_Available data_
******

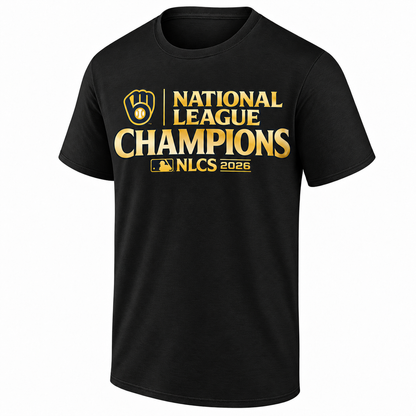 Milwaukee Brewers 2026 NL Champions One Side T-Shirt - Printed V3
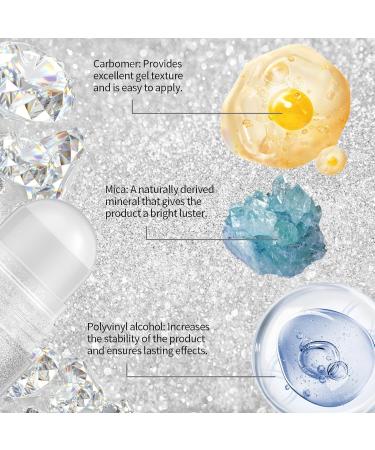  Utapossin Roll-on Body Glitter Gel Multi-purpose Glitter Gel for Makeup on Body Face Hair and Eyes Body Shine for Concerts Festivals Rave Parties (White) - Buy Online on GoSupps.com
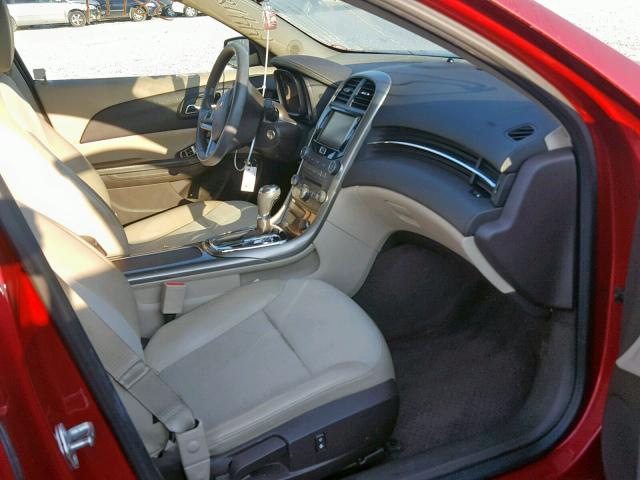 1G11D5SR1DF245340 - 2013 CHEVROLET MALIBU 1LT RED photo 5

******

From the first line to the last, write out the data exactly, omitting any pictures.

_Response for this exercise_
 Milwaukee Brewers 2026 NL Champions One Side T-Shirt - Printed V3
  Utapossin Roll-on Body Glitter Gel Multi-purpose Glitter Gel for Makeup on Body Face Hair and Eyes Body Shine for Concerts Festivals Rave Parties (White) - Buy Online on GoSupps.com
 1G11D5SR1DF245340 - 2013 CHEVROLET MALIBU 1LT RED photo 5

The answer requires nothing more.